Some runners will remember the day when the 10-mile road race was the favoured distance to pitch yourself against if you were training for a marathon. Back then, the half marathon hadn’t really taken off and club runners such as myself used the 10-mile race as a measure of how training was going. You can imagine my delight when I found out that Edinburgh was to host a city centre 10-miler, and Nova International were to be the organisers.
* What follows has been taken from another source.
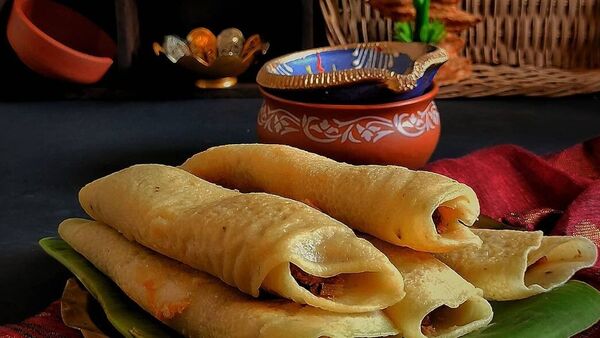 poush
First-time visitors to Edinburgh will be spoiled completely by the views at the race. Runners head off from Holyrood Park, going east to Meadowbank Stadium. The course then heads back into town on London Road and through Abbeyhill, taking a turn which leads you round the back of Holyrood Palace, the Queen’s official residence in Scotland, before running towards the Scottish Parliament. Once you hit the Canongate, you travel up the Royal Mile, a true Scottish mile, to Jeffrey Street where you’re met with spectacular views of the Calton Hill monuments over Waverley Station.
The course then takes a right on to Waverley Bridge at the official Edinburgh Dungeons. The sudden view of the Scott Monument is stunning. Turning left into Princes Street Gardens, you are faced with Edinburgh Castle, Scotland’s most visited tourist attraction. Complemented by the Scottish National Art Gallery, it’s like a scene from a movie set in Rome. The course then travels up the Mound and the Bank of Scotland building, which oozes architectural splendour. When you cross over the Royal Mile at the top, a quick glance left gives you another fine sight - St Giles Cathedral.
The route follows George IV bridge and passes directly past “oor wee dug” Greyfriar’s Bobby, one of Edinburgh’s most famous characters. The Skye terrier was famed for sitting over his master’s grave for 14 years. Next, Bristo Square and onto Causewayside, turning right into George Square and into the Meadows, a vast green area in the city centre. Then you have a lovely flat section in the Meadows to the west end of Quartermile, the old Royal Infirmary. The course then goes up past St Thomas of Aquin’s High School and down into the Grassmaket, a place where hangings regularly took place in times gone by. Travelling down the Cowgate to the Pleasance, a cheeky little brae takes you up onto St Leonards. The next major landmark is the Commonwealth Pool where the course turns left back into Holyrood Park and down the Innocent Railway footpath to Peffermill. From there you head back towards Duddingston Village, Duddingston Loch and into the Royal Park for the final time. The climb here is a vertical 200 ft over 1 mile, though you are rewarded for your efforts with a downhill blast of 1 mile to the finish line just beside the Palace.
For an event for all the family, this is a winner. For the hardcore club runner it's a winner. For a first attempt at a distance run, it’s a definite winner. And for anyone who simply enjoys running, it’s probably the world’s best city centre race. Overall verdict? It’s a winner!